• [TRY IT]:
Among the entries, which lines carry the string "Hand"? Copy every one.

• [DATA SECTION]:
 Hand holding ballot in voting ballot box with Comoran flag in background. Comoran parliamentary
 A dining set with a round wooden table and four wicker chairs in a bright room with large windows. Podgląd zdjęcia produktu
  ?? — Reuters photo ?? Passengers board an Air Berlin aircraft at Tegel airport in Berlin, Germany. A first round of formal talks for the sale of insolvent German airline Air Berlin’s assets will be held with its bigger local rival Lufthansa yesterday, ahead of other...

...

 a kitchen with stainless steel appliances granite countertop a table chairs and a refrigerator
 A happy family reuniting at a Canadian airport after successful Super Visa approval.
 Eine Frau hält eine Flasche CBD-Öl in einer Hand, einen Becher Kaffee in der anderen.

==

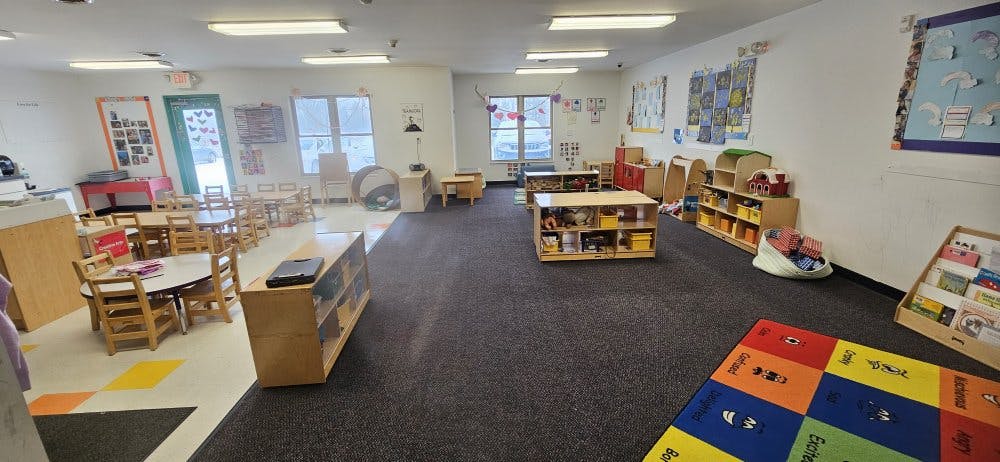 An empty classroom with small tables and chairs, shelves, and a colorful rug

• [EXPECTED ANSWER]:
 Hand holding ballot in voting ballot box with Comoran flag in background. Comoran parliamentary
 Eine Frau hält eine Flasche CBD-Öl in einer Hand, einen Becher Kaffee in der anderen.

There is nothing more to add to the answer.